I know this current God-sized dream might look different when it comes to pass than I originally thought, and that’s okay. My husband and my family and my friendships have all turned out differently than I once believed they would. In the best possible way, they are different than I thought they would be.

And God, in His infinite love, made them perfect for me.

  • My husband is everything I wanted and also everything I had no idea I needed.
  • My daughter challenges everything I thought I knew about parenting, and makes me a better mom.
  • My son brings so much joy and laughter after years of pain and tears.
  • My husband has the confidence and courage to pursue God-sized dreams of his own.
  • My core friends don’t live nearby and I see them very irregularly, but the residue of our conversations and time together linger with me for weeks and months until we see each other again
  • The chaos and messiness of my house is what brings the peace and laughter, and the freedom to fail also brings freedom to succeed.

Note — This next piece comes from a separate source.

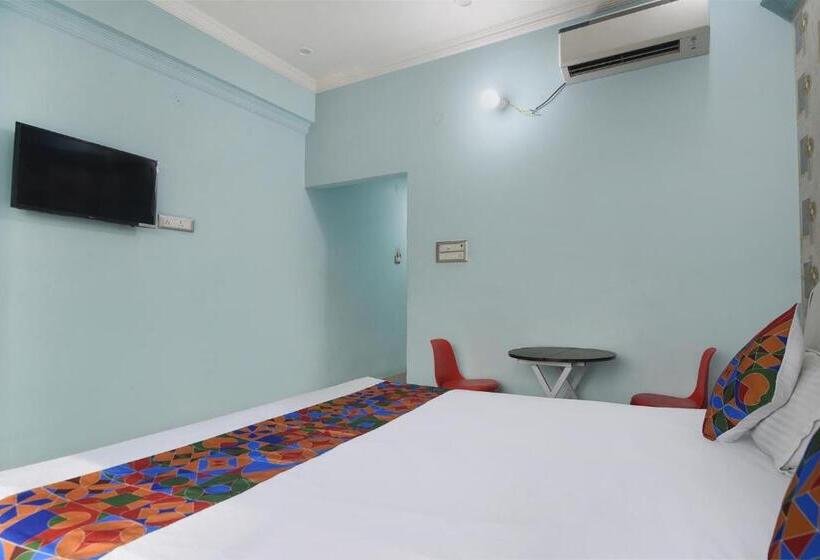 ベッドアンドブレックファースト Fabhotel Raj Niwas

No, it’s not what I expected. But I suddenly could never imagine any of those dreams being any different than exactly how they are right now.

One day this dream will be my new normal.

The funny thing about our dreams is that while you’re dreaming them, nothing seems as big as that dream at that time. Praying and waiting for a husband is Everything. Having children is a soul ache. Strong friendships are a desperate plea not to drown alone.

And then one day they’re just a normal part of your life. Isn’t that the weirdest thing ever?

Because as long as I’ve been waiting for this current God-sized dream to come to pass (six years and counting)…at some point, it will become a distant dream added to the list, and a new God-sized dream will take its place.

It really is the weirdest and holiest thing ever — standing on the edge of a God-sized dream and peering down into it, it seems as big as the Grand Canyon and impossible to cross over.

Then one day you simply check it off the list and move on.

How can you imagine moving on when you’re standing on the edge of the Grand Canyon?

But it happens.

Because each dream God gives is simply a stepping stone to a bigger dream. (tweet) And once in a while He reminds you to look back and you see that the two of you — God and you — have built a bridge and you’re already halfway across that canyon.

One day this dream will be my new normal.

What God-sized dreams have you staring into the vastness right now? What dreams seem impossible? Don’t lose heart, or give up hope, or give up at all.

Keep standing there on the edge. Look back every once in a while and remember the stepping stones that have brought you to your current dream.

And soon you’ll see the bridge, spanning across a magnificent landscape.

ONE DAY THIS DREAM WILL BE YOUR NEW NORMAL.